▶ _Task requirements_:
Give the data below again exactly, and drop each picture from it.

▶ _Data segment_:
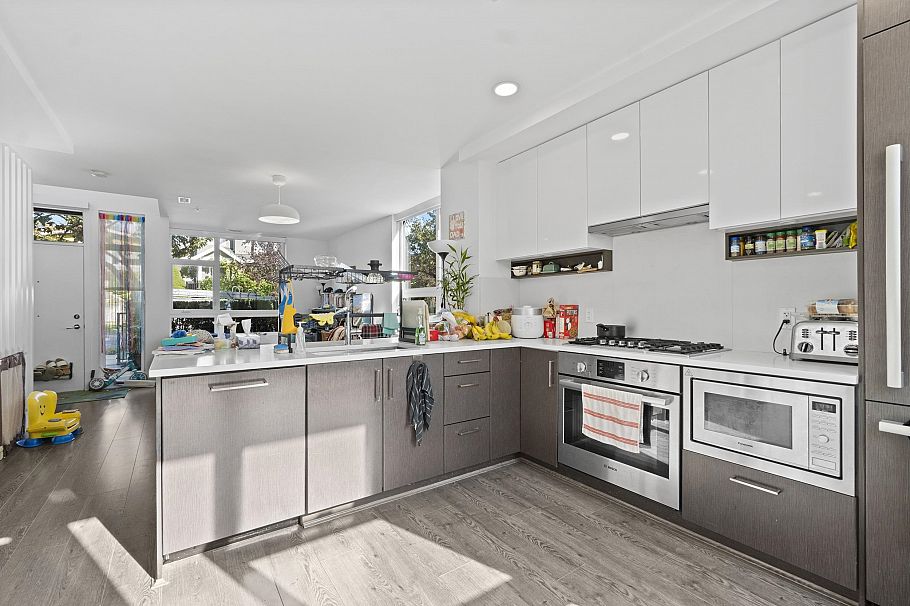 190 W 63rd Avenue Vancouver, BC - 6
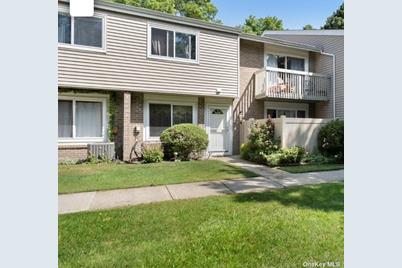 202 Spring Meadow Dr #D - Photo 1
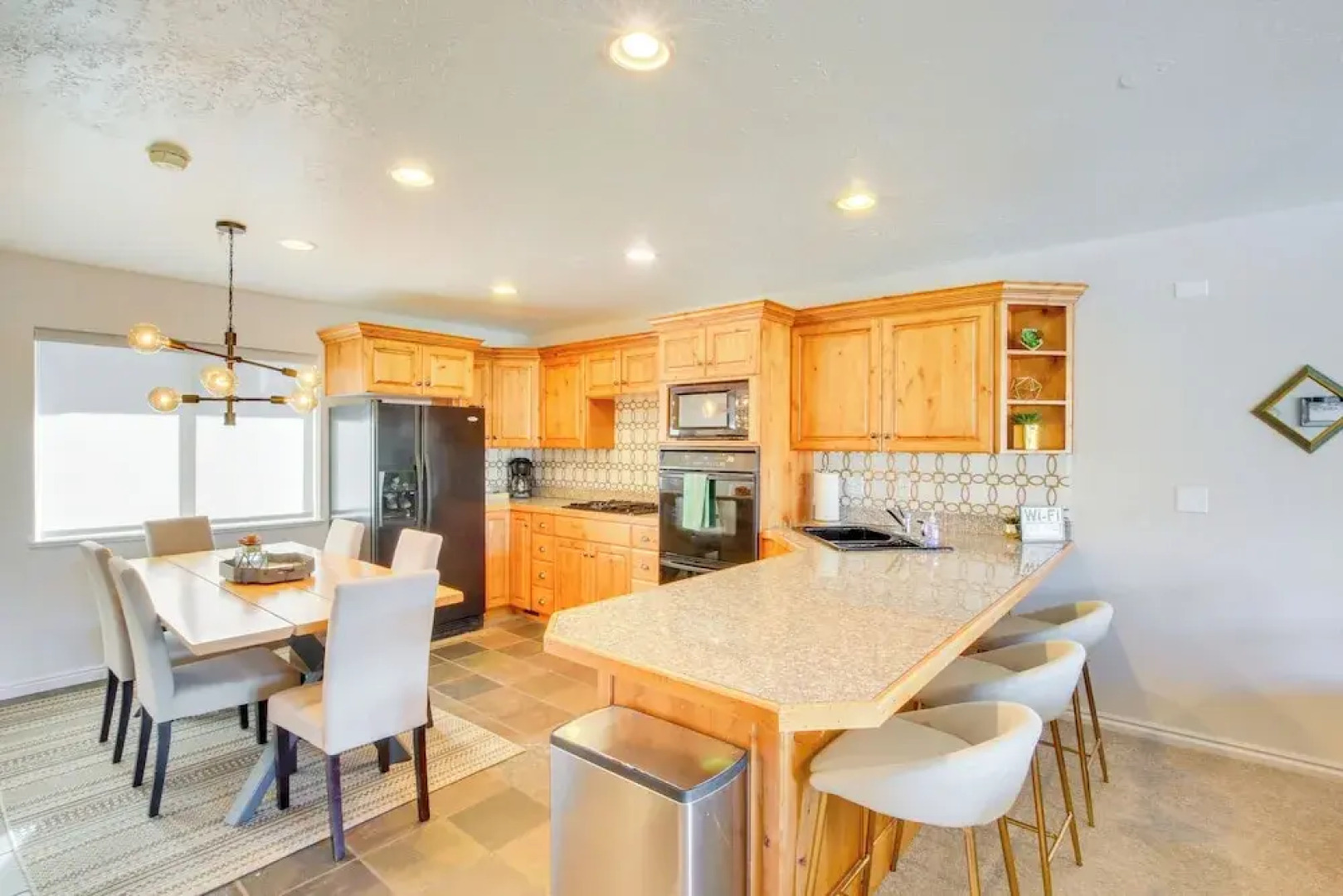 6 Mi to Powder Mtn w/ Shuttle: Cozy Eden Condo!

▶ _Solution for this problem_:
 190 W 63rd Avenue Vancouver, BC - 6
 202 Spring Meadow Dr #D - Photo 1
 6 Mi to Powder Mtn w/ Shuttle: Cozy Eden Condo!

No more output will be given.